Joe Flom is the last living founder of the law firm Skadden, Arps, Slate, Meagher and Flom. He has a working corner on the top floor of the Condé Nast building in Manhattan. He is short and slightly hunchbacked. Big head, big ears with long earlobes, small blue eyes hidden behind oversized aviator-style glasses. He's quite skinny now, but in his glory days, he was very imposing. He was dizzy when he walked. He stood still as he thought. He mumbled as he talked, and by the time he walked down the halls of Skadden, Arps, conversations were reduced to silent whispers.
Flom grew up in the Borough Park neighborhood of Brooklyn, right during the Great Depression. His parents were Jewish immigrants from Eastern Europe. His father - Isadore was originally a union organizer in the garment industry, then switched to sewing shoulder pads for women's clothing. His mother took on handmade decorations to make at home. They are pitifully poor. When Joe was growing up, his family moved almost every year, because at that time, it was customary for landlords to give new tenants one month's rent free, which was very important to the Flom family.
Growing up, Flom enrolled in the prestigious Townsend Harris public high school, a school that in its forty years of existence had produced three Nobel laureates, six Pulitzer Prize winners, a United States Supreme Court justice Ky, not to mention George Gershwin and Jonas Salk, inventor of the polio vaccine. Flom was recruited into the school. Flom's mother gave him ten cents for breakfast every morning-three donuts, orange juice, and coffee at Nedick's. After school, Flom worked as a wheelbarrow pusher in the garment district. He spent two years studying night shifts at City School in upper Manhattan, worked hard all day to make ends meet, registered to join the army, completed his service and then applied to Harvard Law School.
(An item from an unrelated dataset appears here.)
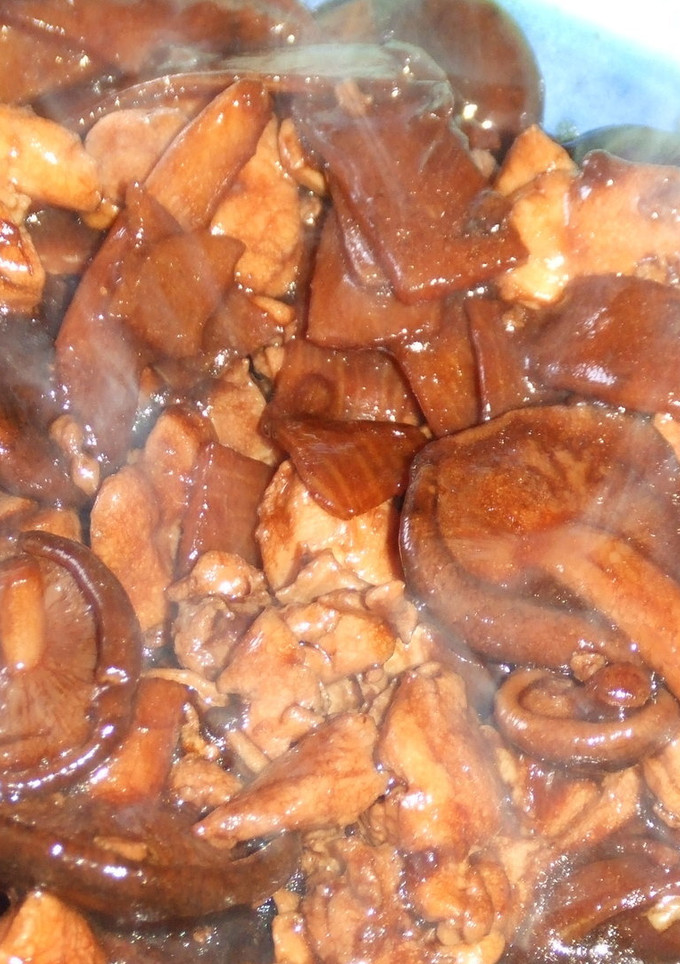 Una foto de Salteado chino de pollo con setas shitake y bambú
Flom grew up in the Borough Park neighborhood of Brooklyn, right during the Great Depression. His parents were Jewish immigrants from Eastern Europe. His father - Isadore was originally a union organizer in the garment industry, then switched to sewing shoulder pads for women's clothing. His mother took on handmade decorations to make at home. They are pitifully poor. When Joe was growing up, his family moved almost every year, because at that time, it was customary for landlords to give new tenants one month's rent free, which was very important to the Flom family.
Growing up, Flom enrolled in the prestigious Townsend Harris public high school, a school that in its forty years of existence had produced three Nobel laureates, six Pulitzer Prize winners, a United States Supreme Court justice Ky, not to mention George Gershwin and Jonas Salk, inventor of the polio vaccine. Flom was recruited into the school. Flom's mother gave him ten cents for breakfast every morning-three donuts, orange juice, and coffee at Nedick's. After school, Flom worked as a wheelbarrow pusher in the garment district. He spent two years studying night shifts at City School in upper Manhattan, worked hard all day to make ends meet, registered to join the army, completed his service and then applied to Harvard Law School.
Dieser Download kann aus rechtlichen Gründen nur mit Rechnungsadresse in A, D ausgeliefert werden.